# speedo cluster for my 91 100



## devesvws (Jul 9, 2006)

i found one at a junk yard less than $100 mine is on the fritz anyone have luck going this route did it work ? my trip computer/speedo/fuel gage/etc is giving me trouble







anyone know who fixs them


----------



## 87gt (Dec 13, 2004)

*Re: speedo cluster for my 91 100 (devesvws)*

This is a common problem that's easily fixed.
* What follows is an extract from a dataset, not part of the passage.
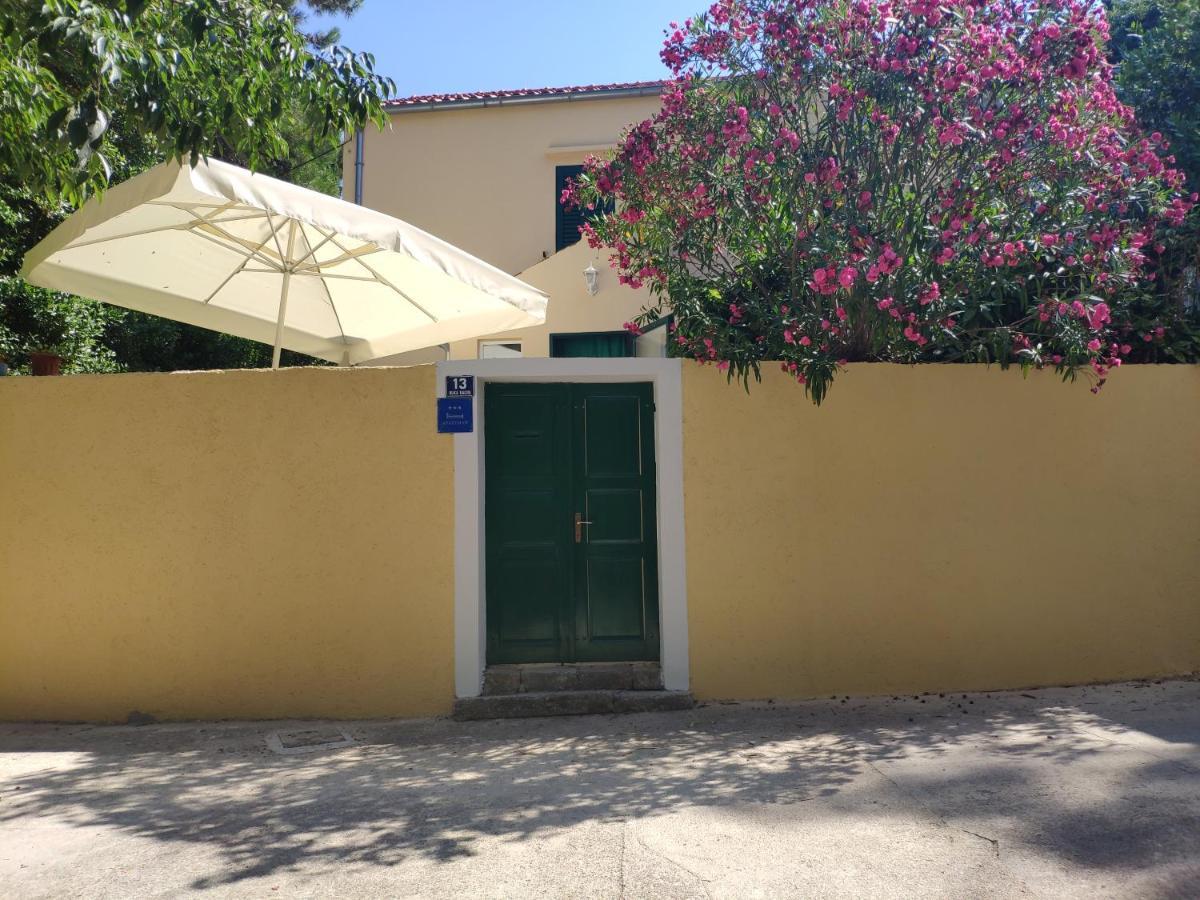 וולי לוסיניי Apartment Zdenka מראה חיצוני תמונה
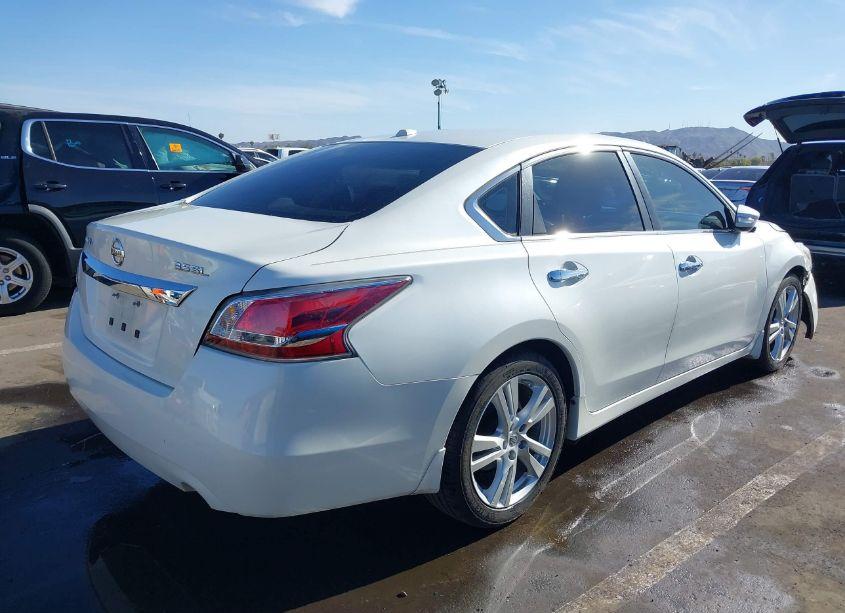 Photo 4 of 2015 Nissan Altima 3.5 SL (VIN 1N4BL3AP9FC132099)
I've fixed 5 of them so far.
If you haven't found a cluster yet, I'll fix yours for 25$ plus shipping.
That's the price of a case of beer I love.
If you're totally cheap, I'll just tell you how to fix it
















-87gt


----------



## devesvws (Jul 9, 2006)

*Re: speedo cluster for my 91 100 (87gt)*

i would like to take you up on your offer where do i send it ? would love to drive it for the winter and winter is going to be here soon


----------



## QUATTRO BOY (Sep 19, 2006)

*Re: speedo cluster for my 91 100 (87gt)*

Hi all, 
My aplogies for raking up an old thread but i have just purchased a 5000 QT avant and i have a problem with the computer that is situated between the speedometer and the rev counter. All segments on the display are perminantly lit up rendering it useless. 
87GT would you be able to help me by emailing any info you feel relevant. (If i were in the states i'd be more than happy to pay you for the fix but shipping costs from UK are horrendous) 
Thanks in advance
matt


----------